In one sense, this situation is probably not all that unique to case & agreement. I'm sure presuppositions and focus alternatives don't actually work the way that I (whose education on these matters stopped at the introductory stage) think they work, either. The thing is, no less than the entire feature calculus of minimalist syntax is built on this purported model of case & agreement. [If you don't believe me, go read "The Minimalist Program" again; you'll find that things like the interpretable-uninterpretable distinction are founded on the (supposed) behavior of person/number/gender and case (277ff.).] And it is a model of case & agreement that – to repeat – simply doesn't work.

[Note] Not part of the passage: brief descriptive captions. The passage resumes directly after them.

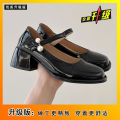 Pearl White All-Match Japanese Leather Shoes Women2023New Summer Low-Cut Chunky Heel French Mary Jane Shoes. 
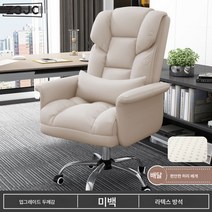 Z3JC 가정용 편안하고 오래 앉아 사무용 등받이 회전식 의자 중역의자, 내마모성 pu+베이지-+허리베개, 라텍스타입-알루미늄발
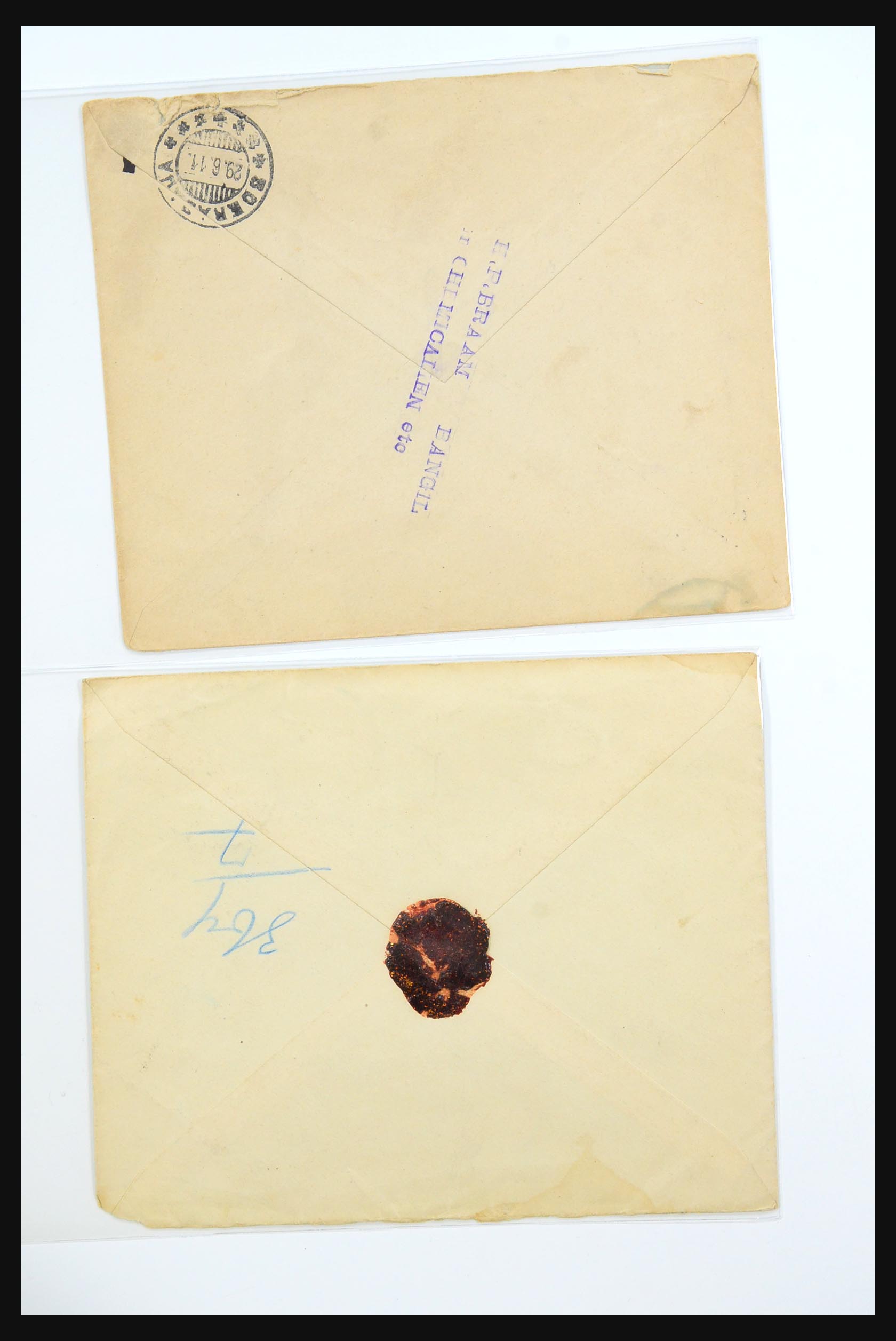 31361 763 - 31361 Netherlands Indies covers 1880-1950.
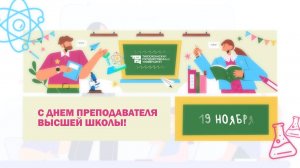 День преподавателя высшей школы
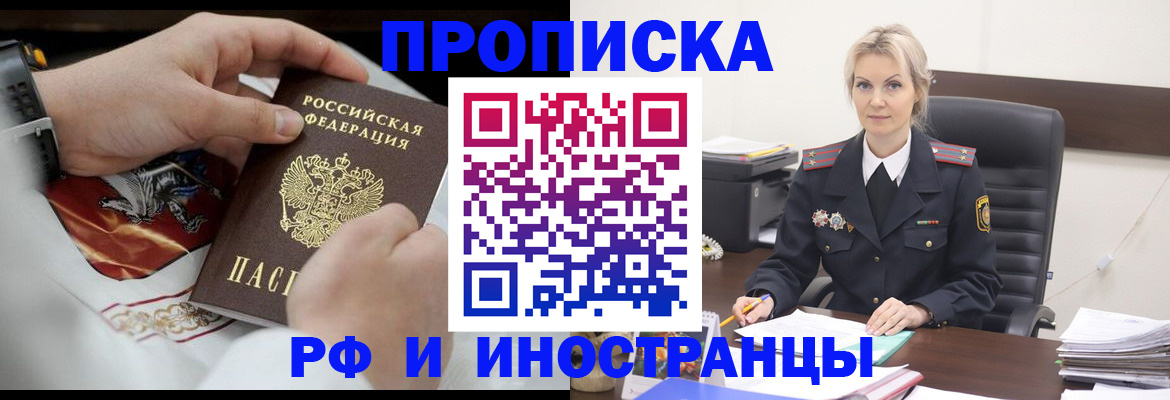 регистрация для школы в Севастополе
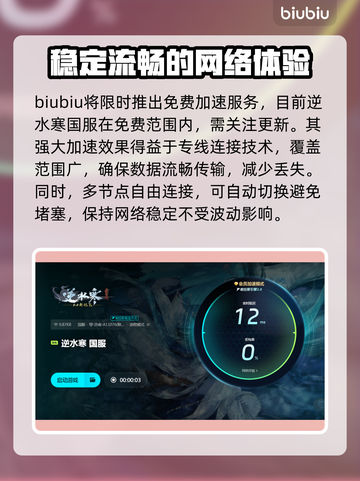 逆水寒加速器推荐来啦！🎉玩游戏必备，流畅不卡顿！截图4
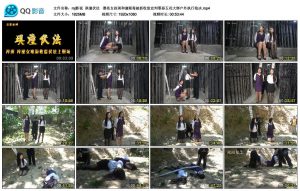 【mj影视】琪潼伏法_绳缚吧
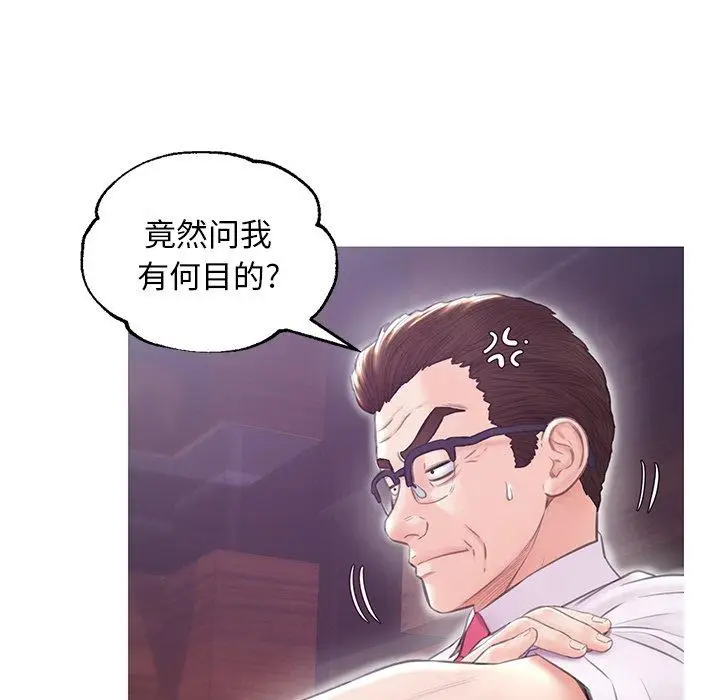 漫画《俏儿媳》第32话第62张图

So what model am I talking about? I'm really talking about a pair of intertwined theories of case and of agreement, which work roughly as follows:
  1. there is a Case Filter, and it is implemented through feature-checking: each noun phrase is born with a case feature that, were it to reach the interfaces (PF/LF) unchecked, would cause ungrammaticality (a.k.a., a "crash"); this feature is checked when the noun phrase enters into an agreement relation with an appropriate functional head (T0, v0, etc.), and only if this agreement relation involves the full set of nominal phi features (person, number, gender)
  2. agreement is also based on feature-checking: the aforementioned functional heads (T0, v0, etc.) carry "uninterpretable person/number/gender features"; if these reach the interfaces (PF/LF) unchecked, the result is – you guessed it – ungrammaticality (a.k.a., a "crash"); these uninterpretable features get checked when they are overwritten with the valued person/number/gender features found on the noun phrase
Thus, on this view, case & agreement live in something of a happy symbiosis: agreement between a functional head and a noun phrase serves to check what would otherwise be ungrammaticality-causing features on both elements.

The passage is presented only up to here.